Author : Duncan Shields, Staff Writer
If I was tripping, my colleagues must have been as well because we all saw it. Just us four janitors on the night shift, mops and brooms dropped, staring at the nightmare in the corner of the building. It spoke to us but I couldn’t see where its mouth was.
“There is more than one timestream. They are connected.” it said.
The alien being glowed blue like a special effect from a bad movie. It took up a corner of the warehouse in a way I didn’t understand. My eyes couldn’t focus on it properly. I could make out tentacles but then they would look like arms and then tentacles again.
“To further the analogy, one could say that there are tributaries, rapids, and rivers as well, all cascading madly in one direction towards the unknowable, distant event horizon of the future. They weave, grow fatter, splash apart and trickle, adding ‘what ifs’ to each other’s histories with the participants being none the wiser before splitting off again.
To abuse the metaphor further, I would say that I am part of a corporation that builds dams. We make time lakes. Smooth-surfaced, still and stable.”
I glanced at Stephen. He stared at me in confusion and fear. We didn’t understand what it was saying. But none of us ran away. We all stood, fascinated and rooted to the spot.
“There are beings that detest the constant motion of naturally occurring time. The sudden turns, the splashing arcs, the stop-and-go nature of it. The eddies and small whirlpools of déjà vu and karmic re-entries.
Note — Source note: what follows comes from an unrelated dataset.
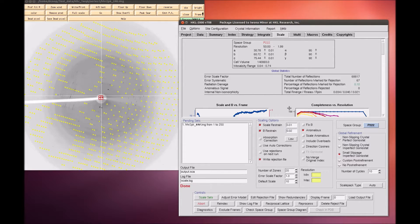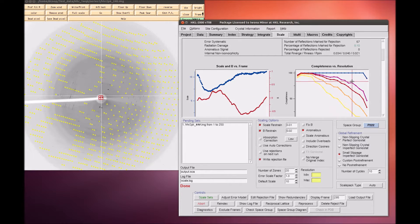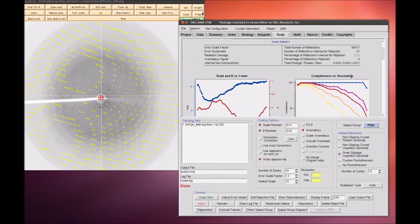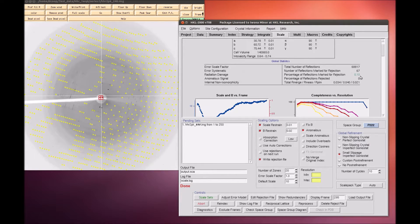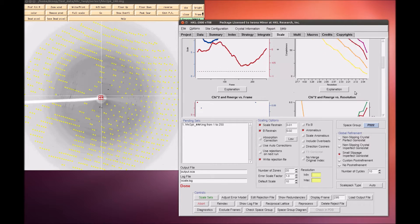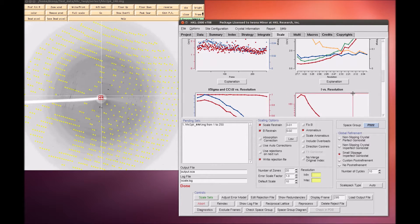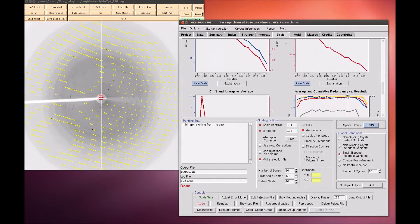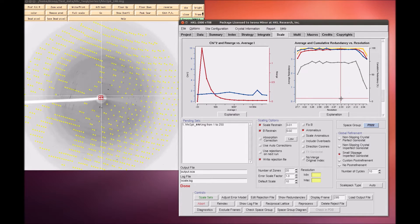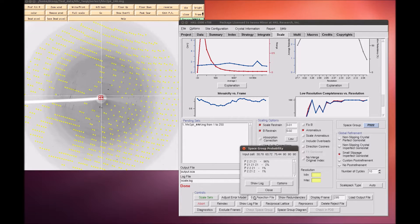When it says Done, you can get an idea of the quality of the data by looking at the global statistics at the top, as well as the various graphs that are presented. The final values will change, however, once we have the correct space group, so click on this Check Space Group button.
They don’t like the bumpy ride.
Some of these beings build crafts to navigate the streams but only the richest can afford to make them sturdy and strong. The poor ones can only strap together the equivalent of a canoe with a paddle.
They pay to take their ships and drift slowly and softly out over the unchanging surface of our time lakes.
As a bonus, our time reservoir generates huge amounts of power as multiverse entropy fights to keep the time going. We let a small stream through near the bottom to keep the universe happy and to keep the lake at a constant level. We rent the surface time and we sell the power. We win both ways.
This is all metaphor, of course, told to you in terms you can envisage.”
The being shuddered and started to lose its consistency. It seemed to go away from us, down from us, and fade out all at the same time.
“It’s hard to talk to entropic, finite beings about this. You are trapped in time but we live on top of it. But I have to tell you what’s happening.
I’ve fallen overboard and I can’t swim. I’m drowning in your dimension. I can’t conform to your angles and time direction. I was by myself so I don’t think there’ll be much chance of a rescue.
Oh no, this is it. I can’t hold on. I’m sinking.”
The creature disappeared with a shudder and a pop and reality wobbled where it had been.
Stephen looked at Jake and Peter looked at me.
We decided filing a report wouldn’t be worth the paperwork seeing as we’d all probably get fired for using drugs on the job.
We agreed to never speak of it again.
But every now and again, I think of the time lakes while I’m cleaning.